One very common crisis of interpretation involves cases in which the original meaning of the constitutional provision in question is clear, but remaining faithful to the principles of originalist textualism comes at a political cost. An illustrative example of such a case is Maryland v. Craig, decided in 1990. The constitutional provision in question was the “Confrontation Clause” of the Sixth Amendment, which provides that “[I]n all criminal prosecutions, the accused shall enjoy the right … to be confronted with the witnesses against him.” The specific case involved a defendant who was convicted of sexual offenses and assault and battery against a six-year-old child. Pursuant to a Maryland statute, the victim was permitted to give her testimony outside the presence of the defendant — it was filmed and broadcast live into the courtroom through the use of a one-way closed circuit television. The closed-circuit technology permitted the six-year-old victim to testify (under oath, subject to cross examination) without having to see her alleged abuser. It is beyond doubt that having to testify in open court would have been a deeply traumatic experience for the young girl, and would likely have precluded her from testifying altogether. Without the child’s testimony, a conviction would have been highly improbable.
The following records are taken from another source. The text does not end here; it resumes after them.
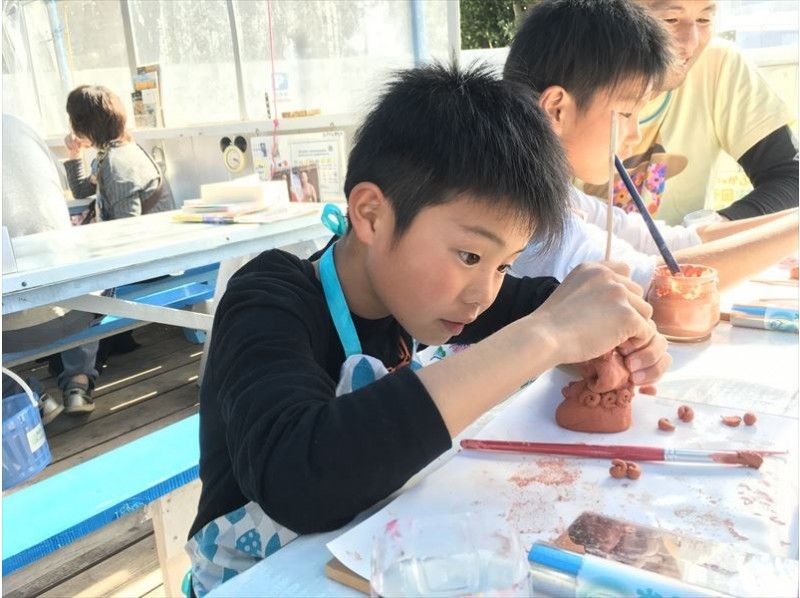 从可以在当天带回来的粘土冲绳风狮子制作经验[Churaumi水族馆最近1分钟和Kouri岛附近]可爱的Sisa专卖店の紹介画像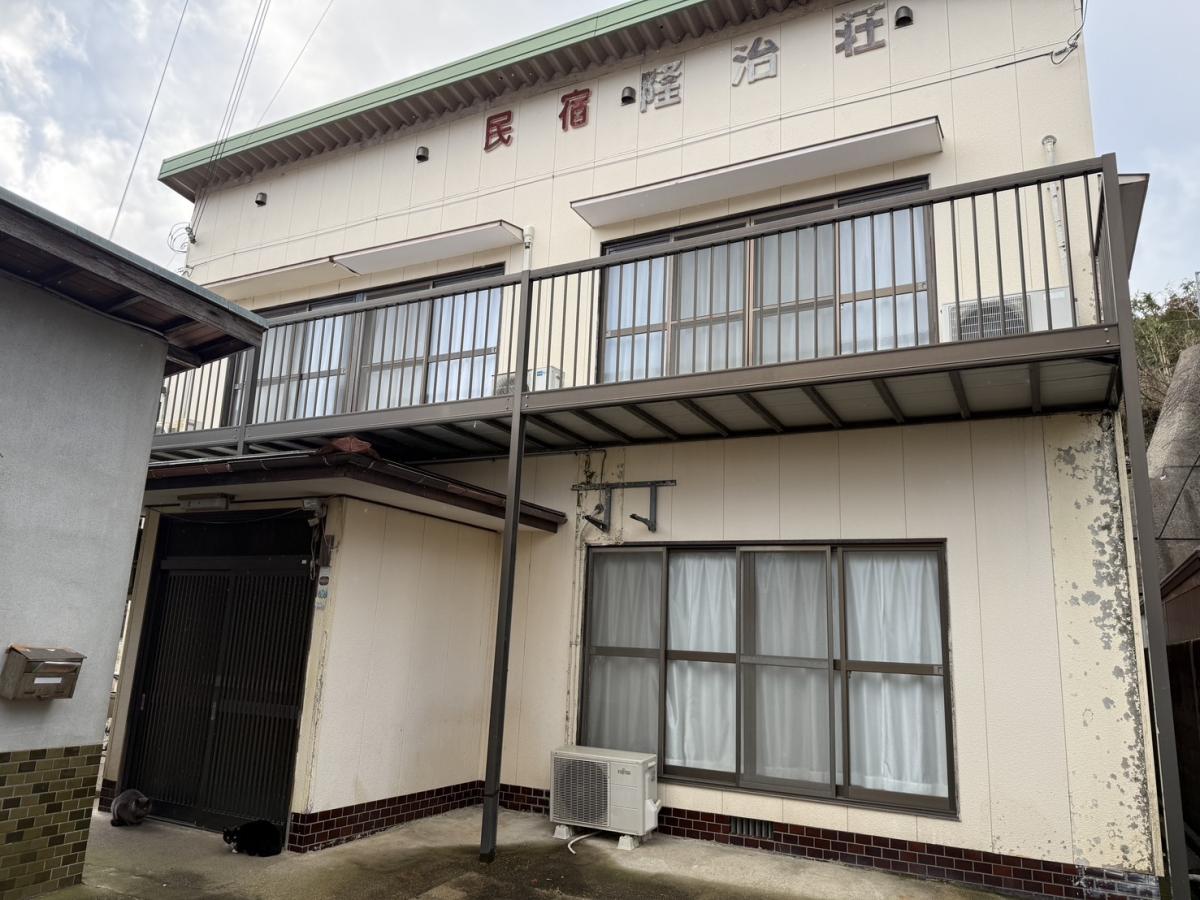 1980s wood house near the coast in Miyazu, Kyoto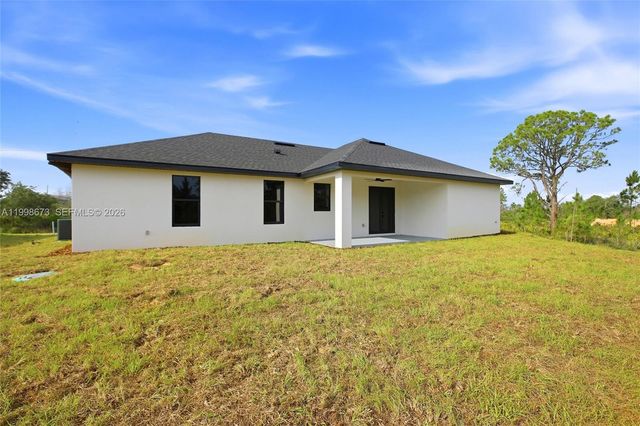 7322 Granada Boulevard, Sebring, FL 33872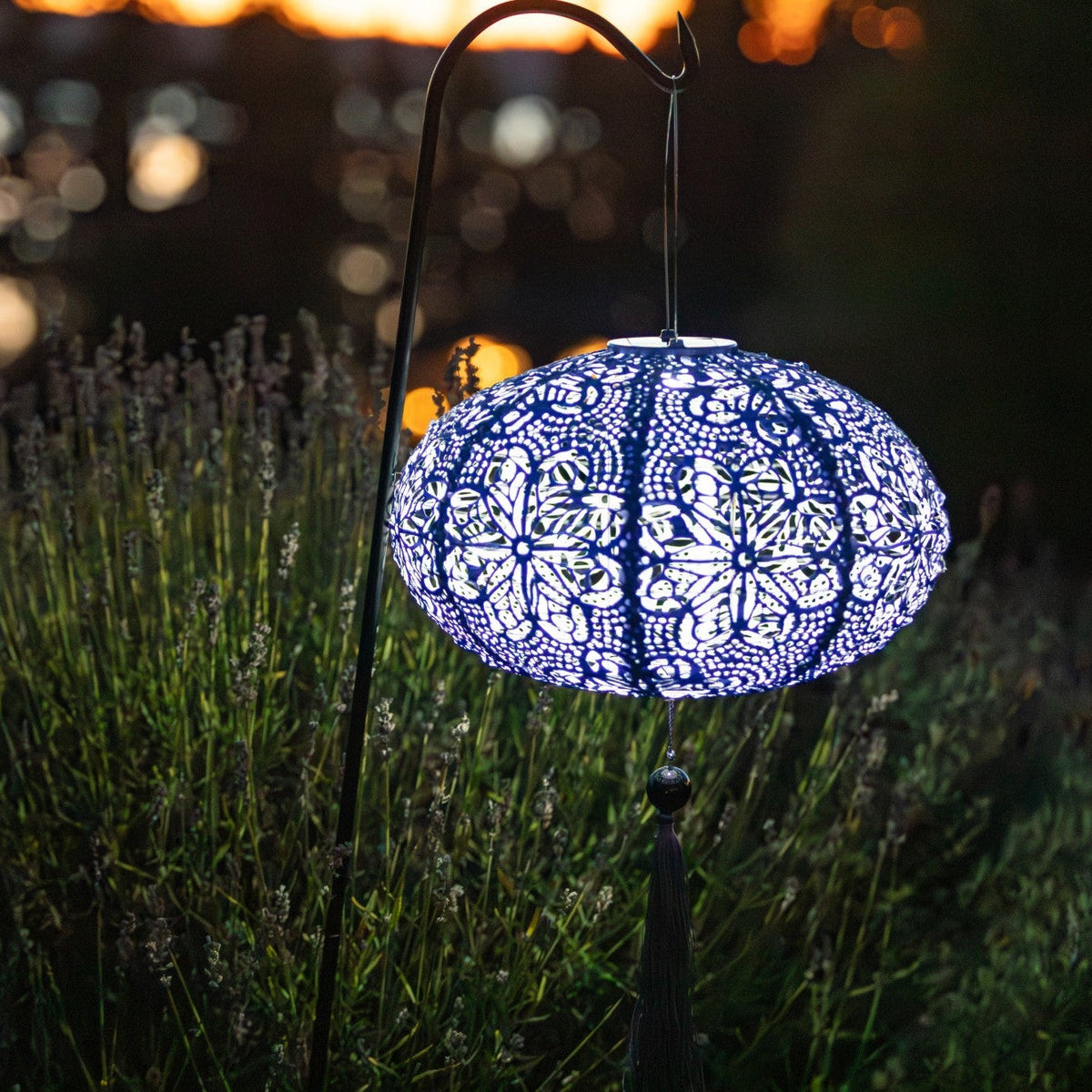 Soji Stella - Tassel Oval - 14" Solar Lantern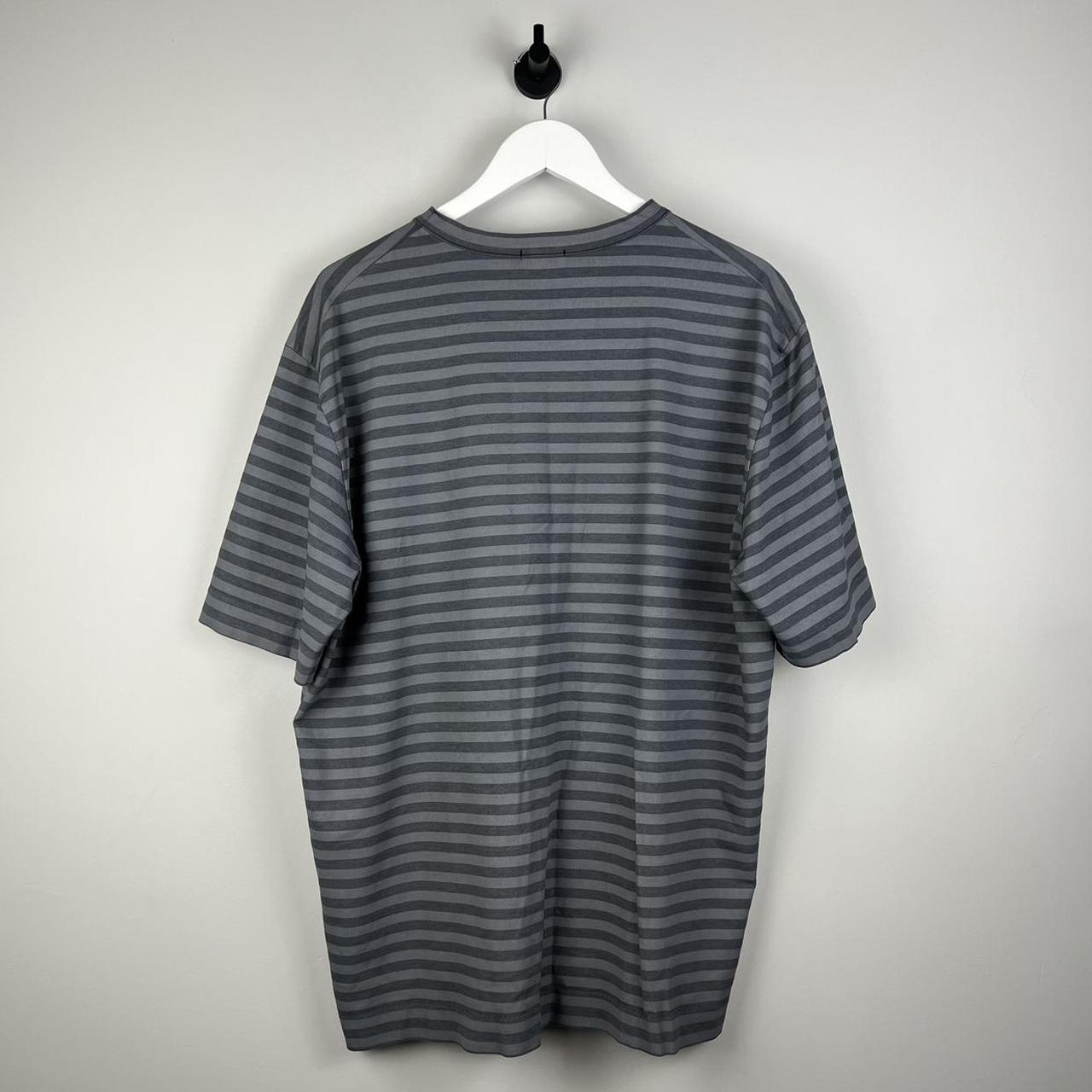 00’s Stone Island Striped Logo T-shirt (XXL)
The question presented before the Supreme Court was whether this procedure comported with the requirements of the Confrontation Clause. Human sympathy and compassion would obviously dictate that the child should be spared the traumatic experience of testifying in the presence of her alleged abuser. But it is equally clear that the Sixth Amendment was originally understood to require face-to-face confrontation, as a disincentive for false or erroneous accusations of wrongdoing. The guiding principle was that it is emotionally difficult to accuse someone falsely in his or her presence. The advent of closed-circuit video technology created a means of circumventing actual confrontation, while preserving some of its superficial trappings. To Justice Scalia’s chagrin, the Supreme Court rejected the original meaning of the clause, and held that the central purpose of the provision could be advanced by the remaining elements of “confrontation” (i.e., the oath, cross-examination, and observation of the child’s demeanor).
Adherence to originalist textualism would have required deference to the original meaning of “confrontation” — a face-to-face encounter. The result, of course, would have been subjecting a six-year-old victim of sexual abuse to further emotional trauma, and perhaps precluding conviction of an indicted suspect. Fidelity to originalist textualism in this case carries with it a very serious cost for the benefit of preserving the truth-finding function of this clause of the Sixth Amendment, as originally conceived. While a faithful proponent of originalist textualism might applaud the practical consequence of Maryland v. Craig — the conviction of a child molester — he would regard the opinion itself as an interpretive failure.
A second interpretive challenge posed by new technologies involves changes in the premises that underlie the original provisions in the Constitution. Certain basic assumptions, which served as the foundation for elements of the constitutional system, can be radically altered with time, bringing into doubt the provisions that rely upon them.
For example, the Constitution is structured to create an equipoise of authority and influence among the various sources of governmental power. Some of this structure was crafted relying on certain factual premises. “Horizontal federalism” — the co-equal relationship among the executive, judicial, and legislative branches of the federal government — was premised on a particular understanding of the metes and bounds of the various zones of authority in which these bodies operate. “Vertical federalism” was crafted to allow a certain measure of power to the federal government, while preserving the sovereign authority of the states. The framers prescribed the circumstances in which state authority was to yield to federal and vice versa, and when jurisdiction was to be concurrent.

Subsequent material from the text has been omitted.